Artinya, jika seseorang merasa benci dengan anak yatim karena keyatimannya,
berarti ia mendustakan agama. Sebabnya ialah rasa sombong dan rasa bakhil,
menurut Hamka. Membenci anak yatim berarti membenci keberasalan Nabi Muhammad.
Sebab, Nabi adalah anak yatim, yang dipinggirkan oleh keluarganya, hidup dengan
menggembala, berkutat dengan kemiskinan di masa kecilnya.
Islam adalah agama yang sangat
menghargai kesetaraan egaliterisme. Islam menolak stratifikasi sosial-ekonomis
yang berarti meminggirkan orang miskin dan anak yatim dalam sistem sosial yang
bertingkat. Anak yatim adalah mereka yang malang, tak mampu mengelak dari
takdir bahwa kasih sayang yang ia terima akan jauh, disebabkan oleh ayah dan
ibu mereka yang telah tiada. Atau, tidak memberi porsi perhatian kasih-sayang pada
kita.
Menghardik anak yatim adalah refleksi kesombongan diri, merasa diri lebih baik dan Allah menolak kesombongan. Oleh sebab itu, mereka yang sombong dan bakhil seperti kata Hamka dengan menghardik anak yatim sebagai simbolisasi, patut diucap sebagai "pendusta agama".
Menghardik anak yatim adalah refleksi kesombongan diri, merasa diri lebih baik dan Allah menolak kesombongan.

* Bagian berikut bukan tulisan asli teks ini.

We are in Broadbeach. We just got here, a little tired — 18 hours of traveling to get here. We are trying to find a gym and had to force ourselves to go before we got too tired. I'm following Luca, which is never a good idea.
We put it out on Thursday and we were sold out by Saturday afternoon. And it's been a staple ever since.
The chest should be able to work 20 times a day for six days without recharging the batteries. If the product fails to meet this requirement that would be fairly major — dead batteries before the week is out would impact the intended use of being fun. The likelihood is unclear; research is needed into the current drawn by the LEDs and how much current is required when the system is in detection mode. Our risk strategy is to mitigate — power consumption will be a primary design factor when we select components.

Oleh sebab itu, mereka yang sombong dan bakhil seperti kata Hamka dengan menghardik anak yatim sebagai simbolisasi, patut diucap sebagai "pendusta agama".

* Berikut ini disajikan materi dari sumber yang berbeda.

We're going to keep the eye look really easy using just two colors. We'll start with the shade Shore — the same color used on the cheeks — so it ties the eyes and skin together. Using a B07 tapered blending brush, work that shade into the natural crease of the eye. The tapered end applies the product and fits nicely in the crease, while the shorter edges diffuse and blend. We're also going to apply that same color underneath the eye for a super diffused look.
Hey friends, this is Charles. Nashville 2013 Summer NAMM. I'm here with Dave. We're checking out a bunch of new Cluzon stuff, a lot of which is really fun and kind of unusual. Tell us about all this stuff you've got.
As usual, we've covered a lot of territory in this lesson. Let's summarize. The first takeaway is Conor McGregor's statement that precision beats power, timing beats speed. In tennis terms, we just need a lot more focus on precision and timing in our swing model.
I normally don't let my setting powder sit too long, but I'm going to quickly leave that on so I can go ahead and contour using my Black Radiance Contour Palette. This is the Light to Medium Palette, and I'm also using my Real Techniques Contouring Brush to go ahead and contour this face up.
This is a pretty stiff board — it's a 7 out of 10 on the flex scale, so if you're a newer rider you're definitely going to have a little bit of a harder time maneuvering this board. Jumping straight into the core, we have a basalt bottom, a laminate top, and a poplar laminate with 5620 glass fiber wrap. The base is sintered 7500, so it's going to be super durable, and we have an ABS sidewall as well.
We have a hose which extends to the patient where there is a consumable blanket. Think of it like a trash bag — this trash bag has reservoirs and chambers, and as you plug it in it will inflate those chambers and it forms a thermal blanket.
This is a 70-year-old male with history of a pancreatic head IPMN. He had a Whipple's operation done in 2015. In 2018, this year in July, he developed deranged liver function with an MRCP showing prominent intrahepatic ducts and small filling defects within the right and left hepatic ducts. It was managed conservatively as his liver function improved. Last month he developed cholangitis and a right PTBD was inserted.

Dan ini menunjukkan pula bahwa
Islam memiliki visi kemanusiaan. Dan visi kemanusiaan ini harus diterjemahkan
ke dalam amal nyata atau kehidupan sehari-hari. Dengan memberi makan orang
miskin yang memerlukan. Mengutamakan sifat individualis, berarti seseorang
telah melanggar visi kemanusiaan. Ialah "pendusta agama". Agama bukan
hanya bersifat vertikal, terkungkung dan terpenjara di mesjid. Agama ialah
kemanusiaan yang membebaskan dan mencerahkan.

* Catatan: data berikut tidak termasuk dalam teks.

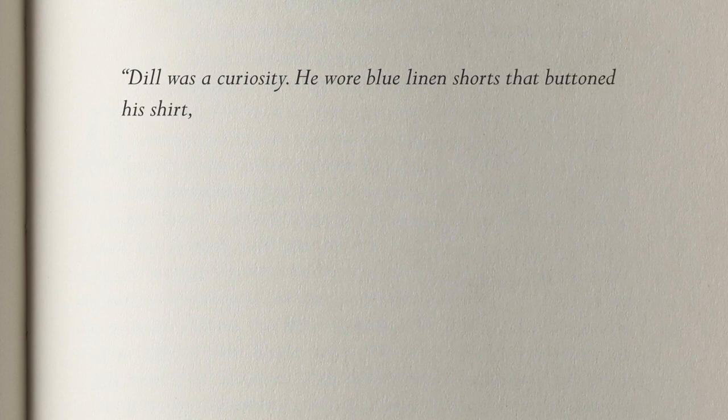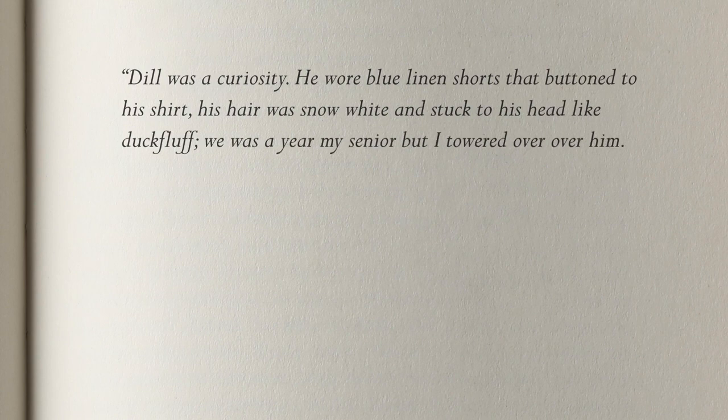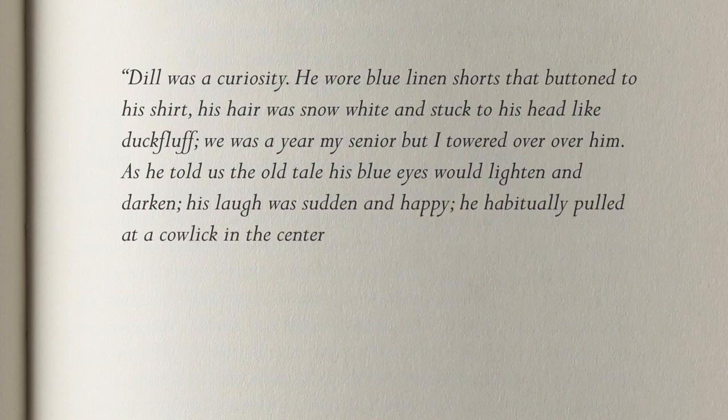Dill was a curiosity. He wore blue linen shorts that buttoned to his shirt. His hair was snow white and stuck to his head like Dutch fluff. He was a year my senior, but I towered over him. As he told us the old tale, his blue eyes would lighten and darken. His laugh was sudden and happy. He habitually pulled at a cowlick in the center of his forehead.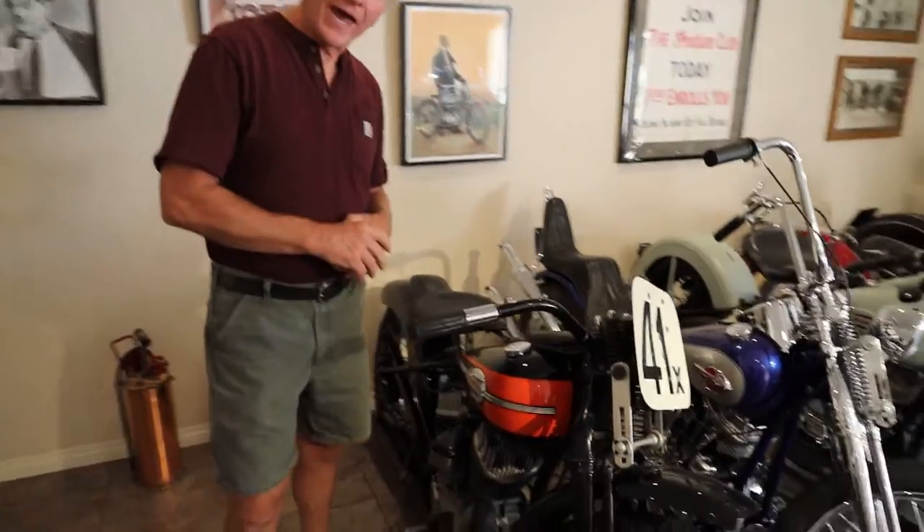Today we're going to be talking about some of the bikes that we actually have in the showroom. Our showroom is ever-evolving because our main goal is to get motorcycles in and back out to our clients — they're eventually going to go out and enjoy them instead of sitting here in the showroom. Let's talk a little bit about what we have.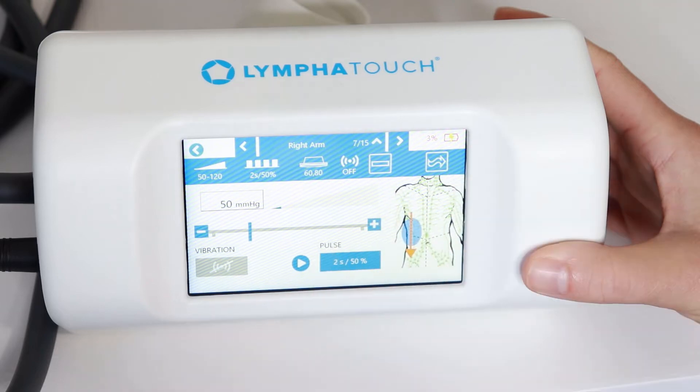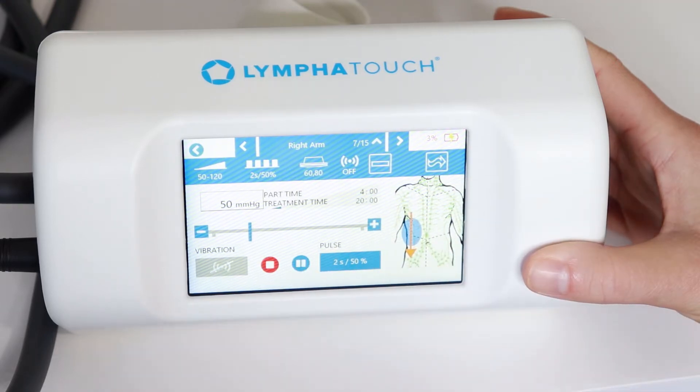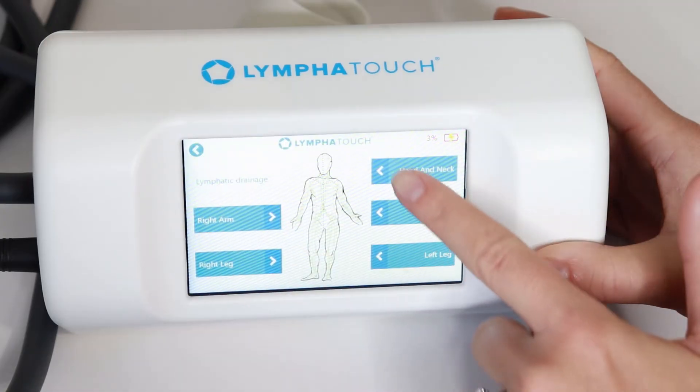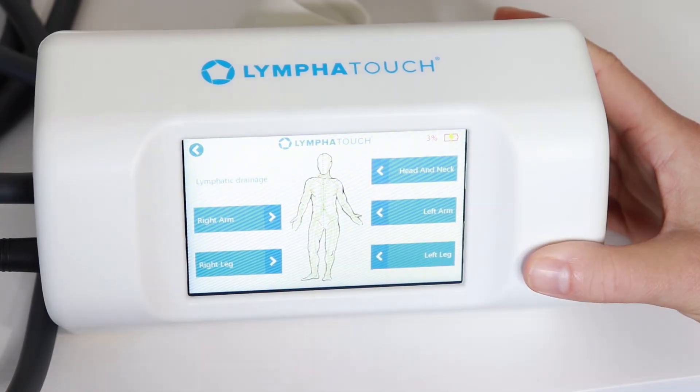The settings are already set for us — we just hit play and move along with it. It will time out for each section. Each area of the body has a short and long option, and they all walk you through the sequence step by step for lymphatic drainage specifically.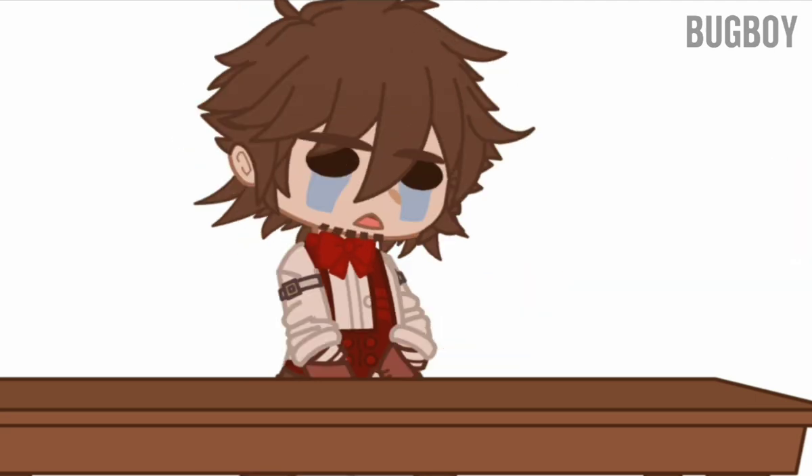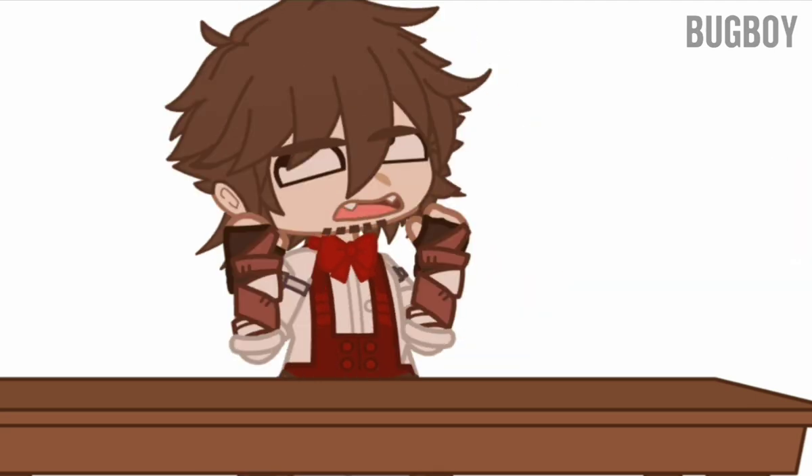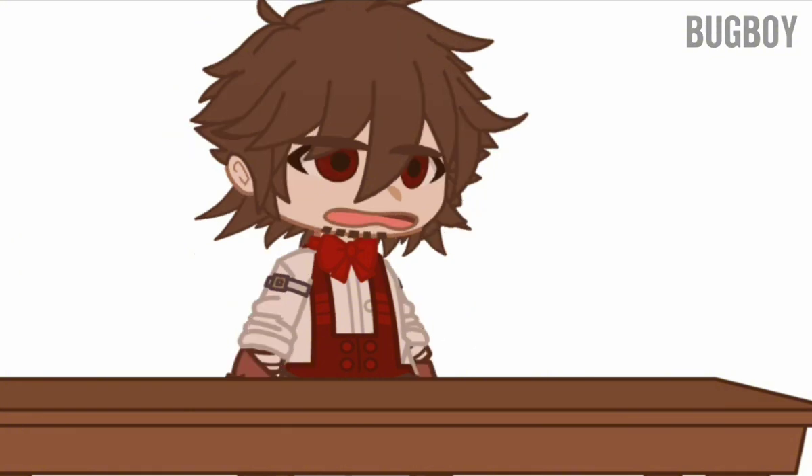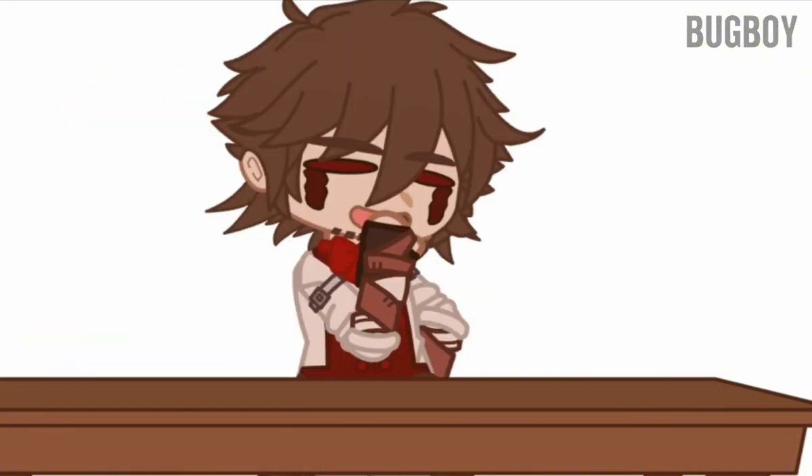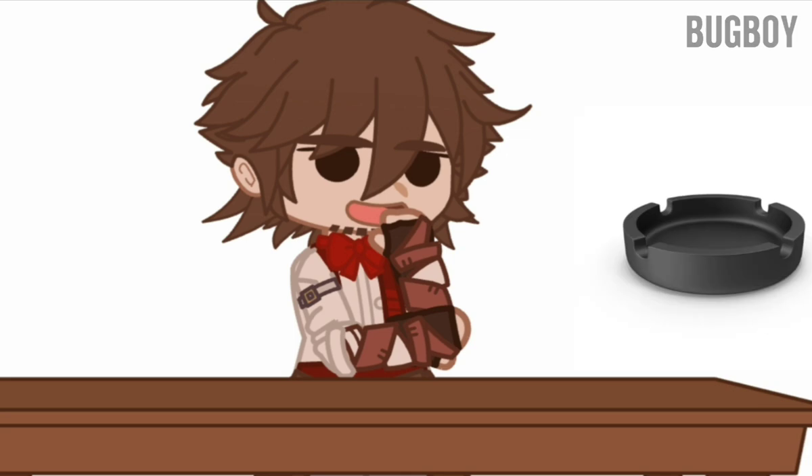Next up, the bread. I ran out of the good pieces of bread, so I have to use those weird end pieces. Not ideal, but we'll make it work. Next up, grab your peanut butter. I don't currently have the top to my peanut butter, because I'm using it as an ashtray.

Itulah potret-potret pendusta
agama. Ayat berikutnya, dengan lebih lantang, mengatakan pada kita: “Maka
celakalah orang-orang yang salat! Bagaimana mungkin, pengabdian transendental
seorang muslim, melalui shalatnya kepada Allah, disebut sebagai perbuatan yang
tidak hanya sia-sia, tapi juga mencelakakan?”
Ada tiga parameter celakanya
(wail) orang-orang yang shalat (ayat 4-7). Pertama, mereka yang lalai dalam
shalatnya (ayat 5). Kedua, mereka yang berbuat riya' (ayat 6). Ketiga, mereka
yang menolak memberi pertolongan. Buya Hamka menafsirkan bahwa "lalai"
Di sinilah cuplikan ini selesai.